How does the National Health Insurance (NHI; also known as "Kokuho") work?

For example, if you visit a dentist, without insurance it can cost around 10,000 yen. However, with the healthcare in Japan, going to this doctor can cost around 3,000 for the same procedure.

[...] 70% of the total medical cost is covered by the National Health Insurance, you will need to pay 30% of the total medical bill.

Source: National Health Insurance (NHI)

However, it doesn't apply to certain procedures. You can read more about our Guide to Japan’s National Health Insurance.

Japanese Doctor - English Speaking Doctor

Most doctors in Japan don't speak English, but if you live in big cities like Tokyo, you can still find them. Be careful though, foreign doctors are usually not covered by the National Health Insurance in Japan!

You can easily find clinics with Japanese English-speaking doctors by doing a simple Google search. They usually have the website, or part of it, in English, and inform if they accept the NHI or not.

How to Go to the Doctor in Japan ー Making an Appointment

From personal experience, most of the doctors in Japan have a booking system in their website or by sending an email to them. This helps with the language barrier. You can use Deepl to translate in case the staff doesn't speak English.

Doctor Visit

Clinics require documents like ID (Residence Card, My Number Card, Passport), as well as your Health Insurance Card, so don't forget to bring it with you!

It is also a common practice to wear a mask in waiting areas to prevent the spread of illness.


Something else to consider is the payment. Recently, many clinics have accepted other payment methods, like credit cards or apps. However, a considerable amount of clinics still only accept cash (genkin), so be prepared! The visit is usually paid at the end, after talking to the doctor and going through the procedures.

Prescriptions (処方せん ー shohousen)

If prescribed medication, you can usually fill the prescription at a pharmacy near the clinic or hospital.
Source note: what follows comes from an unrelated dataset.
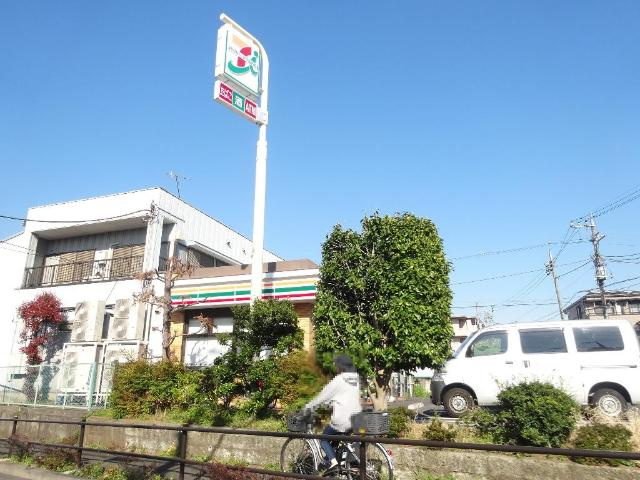 アヴェニール　ハスネの周辺|セブンイレブン板橋西台店まで1,061ｍ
Be careful! Prescriptions have a due date, meaning you have to buy the medicine within a time after your doctor's visit.

If there is no specific date on the prescription, generally, for most medications, a prescription is valid for 30 days from the date of issue.

However, it's essential to note that controlled substances and certain specific medications may have stricter regulations, and the validity period for those prescriptions could be shorter.

If you forget to buy the medication, don't worry.

You have two options: contacting the doctor and letting them know what happened, you'll have to drop by the clinic to get an updated prescription. Or, visiting the affiliated pharmacy (usually near the clinic) and they will call the doctor to confirm your prescription!

I had a similar situation in the past and luckily, I was able to do the second option in a pharmacy near my house.

Conclusion + Emergency Numbers

We hope this article helped your visit to the Doctor in Japan smoother. And to finish, here are some emergency numbers in case you need them (let's hope you don't!):

Ambulance/Fire/Rescue: 119

Police: 110

When calling either of these emergency numbers, it's advisable to communicate in Japanese if possible. However, some English-speaking operators may be available, especially in larger cities or tourist areas.